(One of a series of weekday posts about the life of Winston S. Churchill.)
Readers Note: During the last two weeks a few of you have made very nice comments about the series which I failed to acknowledge. I'm sorry for not doing so before this. I read every comment and appreciated the recent ones for their detail and generous spirt.
One of the best of the recent, one volume studies of Churchill's life is Lord Jenkins', Churchill: A Biography, published in 2002. Historian John G. Plumpton began his review of Jenkins' work thus:
"There are times," wrote the great Cambridge scholar, Sir Geoffrey Elton, "when I incline to judge all historians by their opinion of Winston Churchill - whether they can see that no matter how much better the details, often damaging, of man and career become known, he still remains, quite simply, a great man."Plumpton's entire review is here. (Scroll down) I think all of you would enjoy reading it.
Sir Geoffrey would have likely judged the new Churchill biography by Roy Jenkins favourably.
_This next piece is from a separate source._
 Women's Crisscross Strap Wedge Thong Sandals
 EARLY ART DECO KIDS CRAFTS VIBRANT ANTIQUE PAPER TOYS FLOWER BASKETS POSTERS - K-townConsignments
The octogenarian Jenkins, a biographer of Attlee, Asquith, Baldwin and Gladstone, among others, and a political colleague of Labour leaders since World War II, concludes with a startling admission: "When I started writing this book I thought that Gladstone was, by a narrow margin, the greater man...I now put Churchill, with all his idiosyncrasies, his indulgences, his occasional childishness, but also his genius, his tenacity and his persistent ability, right or wrong, successful or unsuccessful, to be larger than life, as the greatest human being ever to occupy 10 Downing Street."
Jenkins's biography is still in print and available at many book stores, on the Net, and in decent public libraries.
I hope you all have a good weekend and find a few minutes to read Plumpton's review.